INSTRUCTIONS FOR THE TASK: Print exactly the lines below between the line containing "Bleached Life Basketball" and the line containing "SANDALS jomercer Herbie", counting both of those lines. Leave pictures out.

DATA:
------------------------------------------------------------

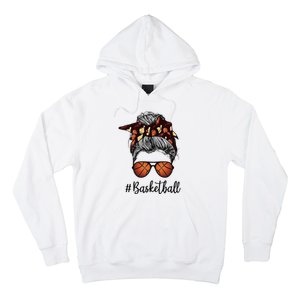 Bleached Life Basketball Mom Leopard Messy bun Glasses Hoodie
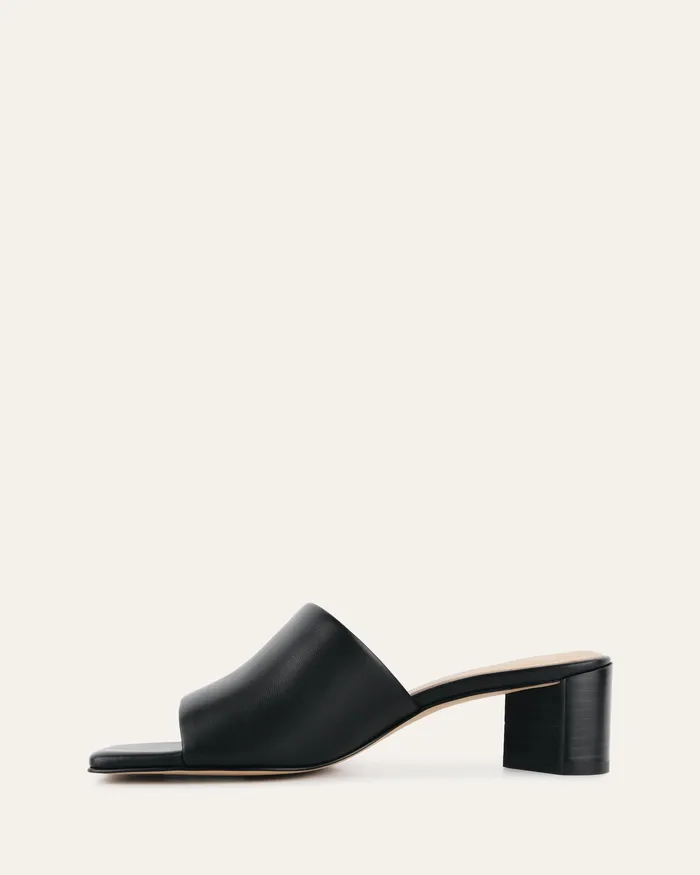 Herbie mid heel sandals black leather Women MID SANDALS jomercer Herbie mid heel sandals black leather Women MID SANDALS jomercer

------------------------------------------------------------

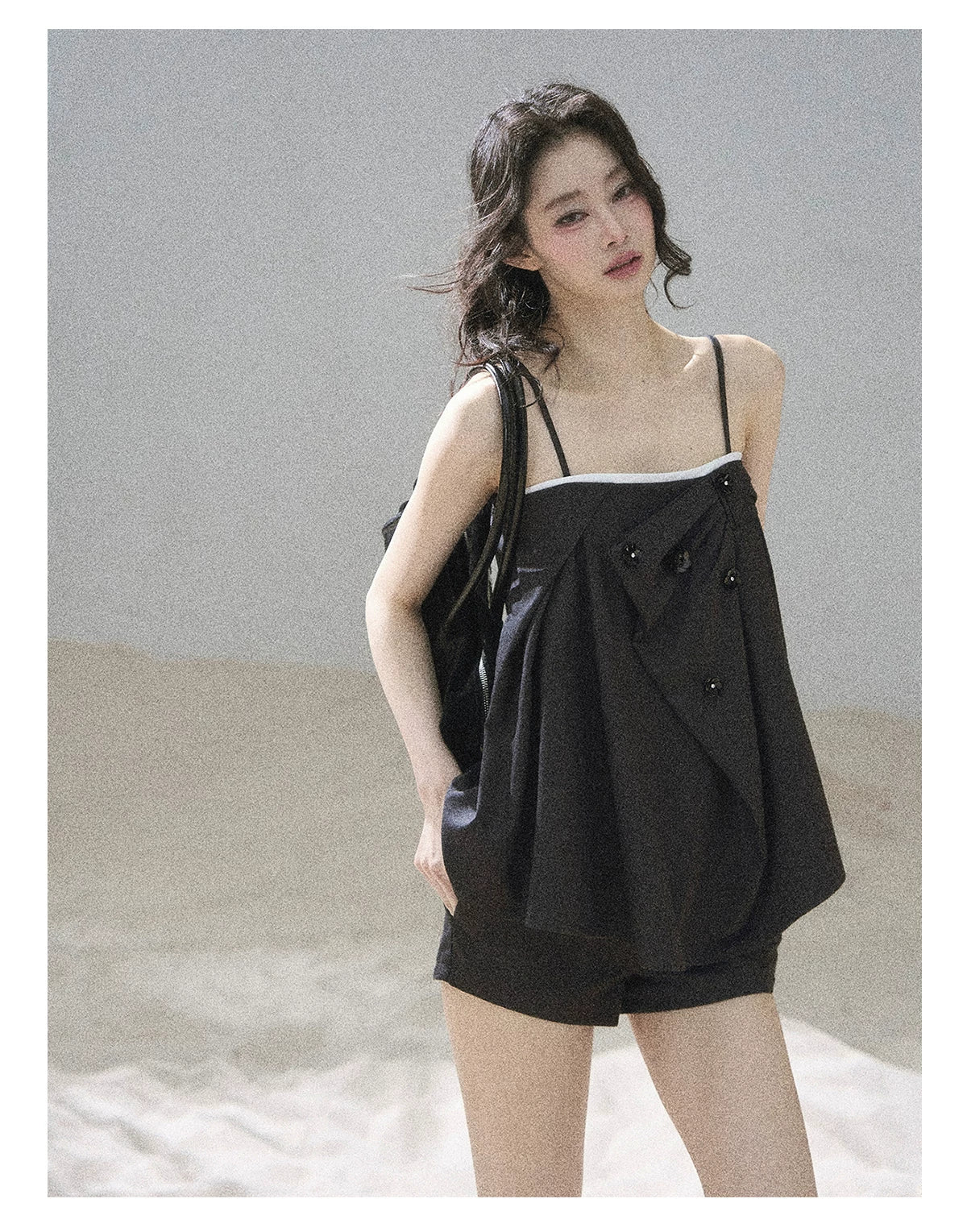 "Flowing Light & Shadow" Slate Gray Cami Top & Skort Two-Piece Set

------------------------------------------------------------

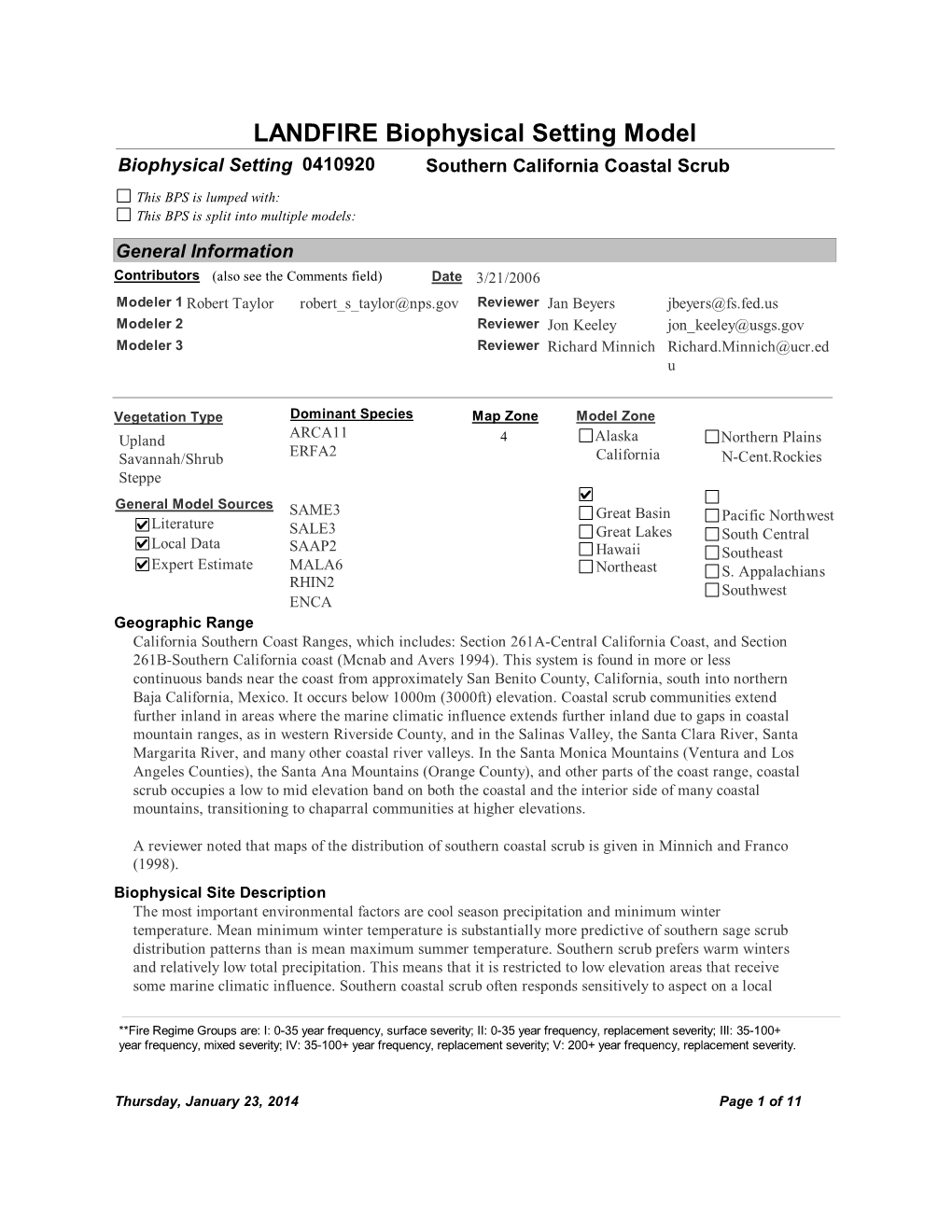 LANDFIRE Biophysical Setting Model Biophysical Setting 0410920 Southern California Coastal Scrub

------------------------------------------------------------

RESULT:
 Bleached Life Basketball Mom Leopard Messy bun Glasses Hoodie
 Herbie mid heel sandals black leather Women MID SANDALS jomercer Herbie mid heel sandals black leather Women MID SANDALS jomercer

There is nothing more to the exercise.